**WHAT IS BEING ASKED**
Below, locate the line that contains "And there you". Repeat exactly from that line to the line that contains "In this video I'll", inclusive, leaving out the pictures.

**DATA TO USE**
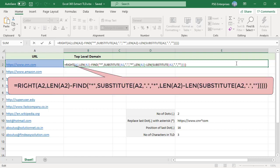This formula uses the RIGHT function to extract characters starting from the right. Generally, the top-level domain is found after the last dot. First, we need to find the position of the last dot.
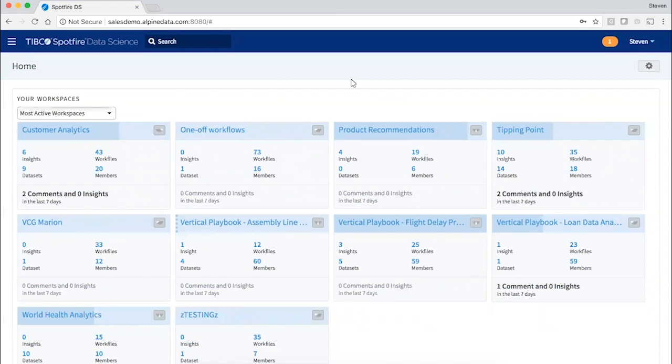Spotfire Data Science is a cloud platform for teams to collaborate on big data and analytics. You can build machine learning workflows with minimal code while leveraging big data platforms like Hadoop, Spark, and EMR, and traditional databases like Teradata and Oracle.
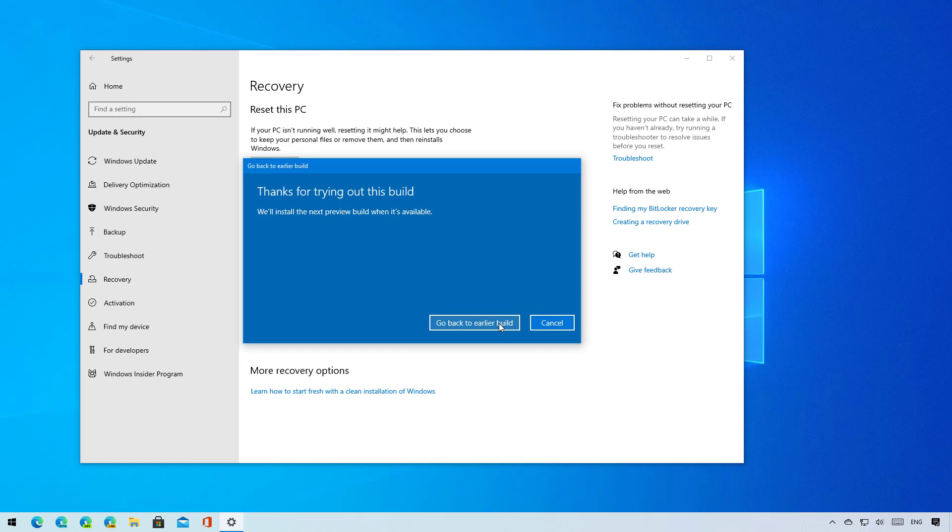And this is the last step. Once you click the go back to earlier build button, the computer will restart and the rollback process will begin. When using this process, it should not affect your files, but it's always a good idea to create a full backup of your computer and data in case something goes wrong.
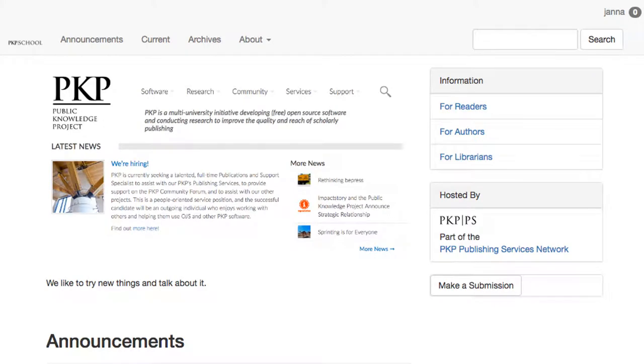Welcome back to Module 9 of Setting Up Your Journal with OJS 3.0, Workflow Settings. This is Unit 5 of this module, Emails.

---

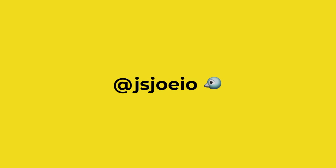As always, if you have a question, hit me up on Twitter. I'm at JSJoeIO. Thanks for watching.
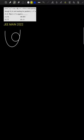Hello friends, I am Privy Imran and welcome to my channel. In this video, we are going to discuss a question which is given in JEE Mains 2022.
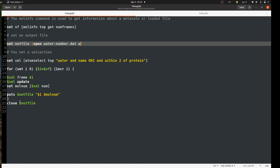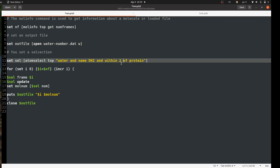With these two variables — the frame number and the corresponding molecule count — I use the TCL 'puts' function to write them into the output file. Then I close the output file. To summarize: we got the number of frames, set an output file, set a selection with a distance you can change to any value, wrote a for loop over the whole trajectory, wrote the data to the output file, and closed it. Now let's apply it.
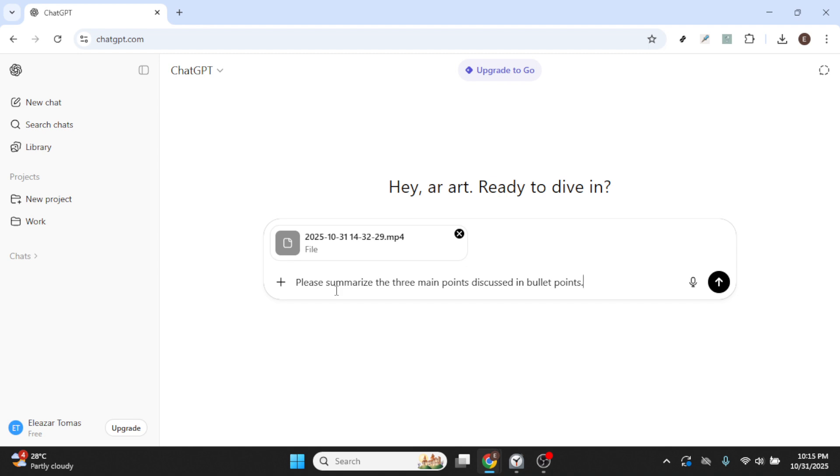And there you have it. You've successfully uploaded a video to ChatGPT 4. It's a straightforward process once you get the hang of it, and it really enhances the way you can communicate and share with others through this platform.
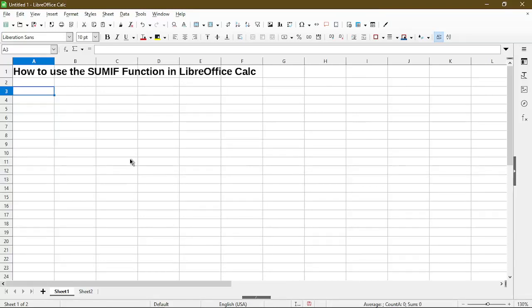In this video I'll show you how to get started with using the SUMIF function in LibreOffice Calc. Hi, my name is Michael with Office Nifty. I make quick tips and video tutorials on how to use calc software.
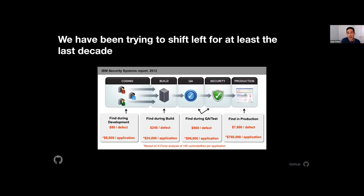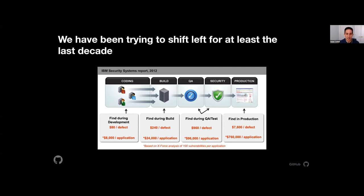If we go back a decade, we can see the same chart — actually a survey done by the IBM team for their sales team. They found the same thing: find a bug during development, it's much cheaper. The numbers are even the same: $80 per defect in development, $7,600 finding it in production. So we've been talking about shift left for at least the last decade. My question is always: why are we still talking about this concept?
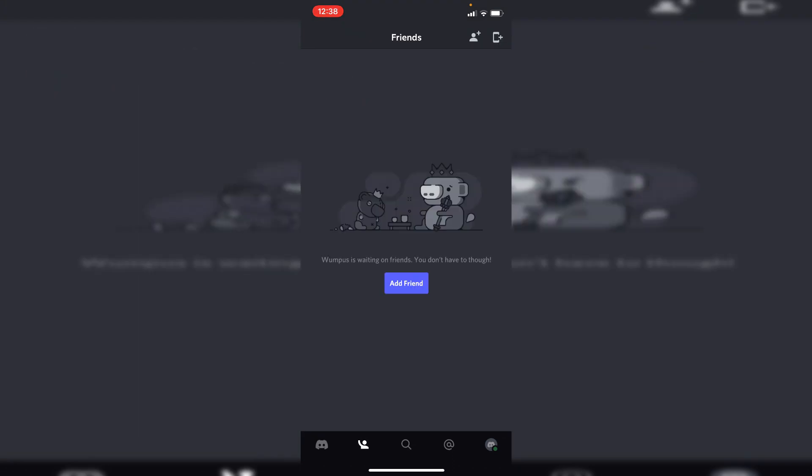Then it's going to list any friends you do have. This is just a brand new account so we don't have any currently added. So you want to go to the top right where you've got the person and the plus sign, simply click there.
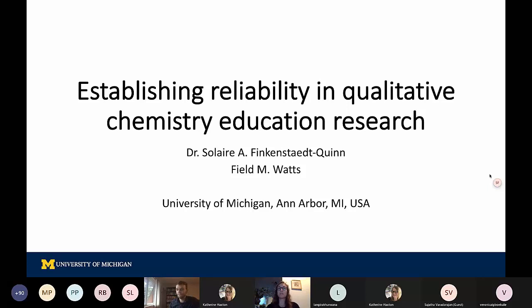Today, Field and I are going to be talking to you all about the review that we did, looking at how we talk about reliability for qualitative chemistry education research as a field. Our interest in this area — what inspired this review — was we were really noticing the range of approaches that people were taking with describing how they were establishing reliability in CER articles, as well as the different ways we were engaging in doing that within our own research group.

==

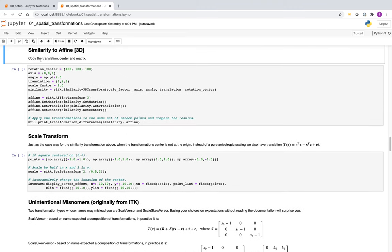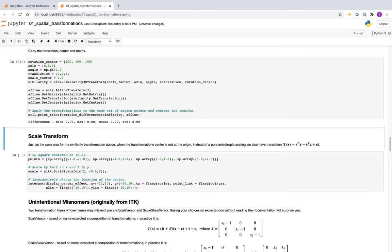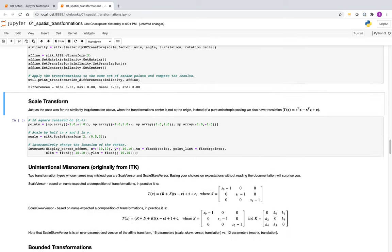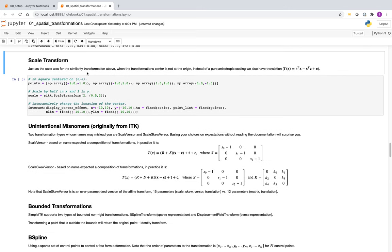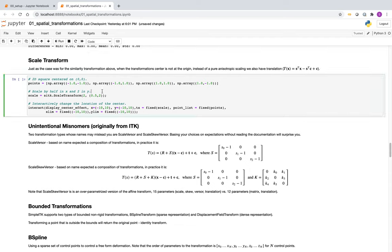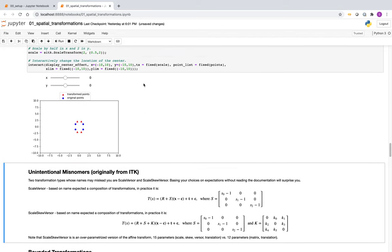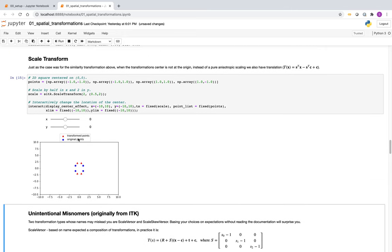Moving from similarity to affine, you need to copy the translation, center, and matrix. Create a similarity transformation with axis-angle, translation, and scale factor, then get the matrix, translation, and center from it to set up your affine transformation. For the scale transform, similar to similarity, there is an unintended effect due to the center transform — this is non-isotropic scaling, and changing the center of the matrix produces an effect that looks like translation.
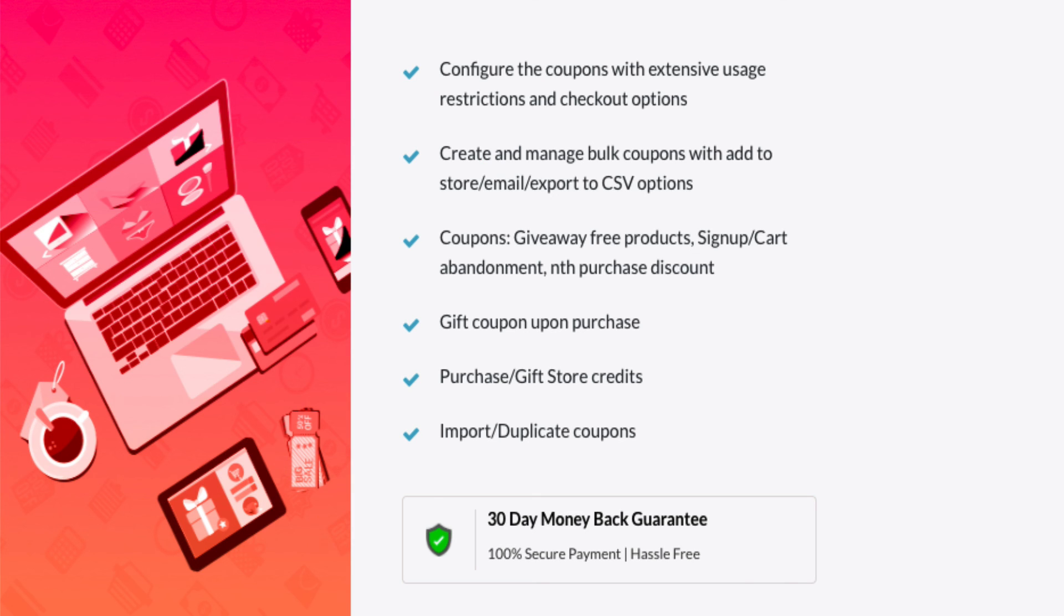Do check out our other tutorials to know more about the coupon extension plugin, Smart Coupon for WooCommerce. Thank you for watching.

**RESPONSE**
And there you have it. You've successfully uploaded a video to ChatGPT 4. It's a straightforward process once you get the hang of it, and it really enhances the way you can communicate and share with others through this platform.
In this video I'll show you how to get started with using the SUMIF function in LibreOffice Calc. Hi, my name is Michael with Office Nifty. I make quick tips and video tutorials on how to use calc software.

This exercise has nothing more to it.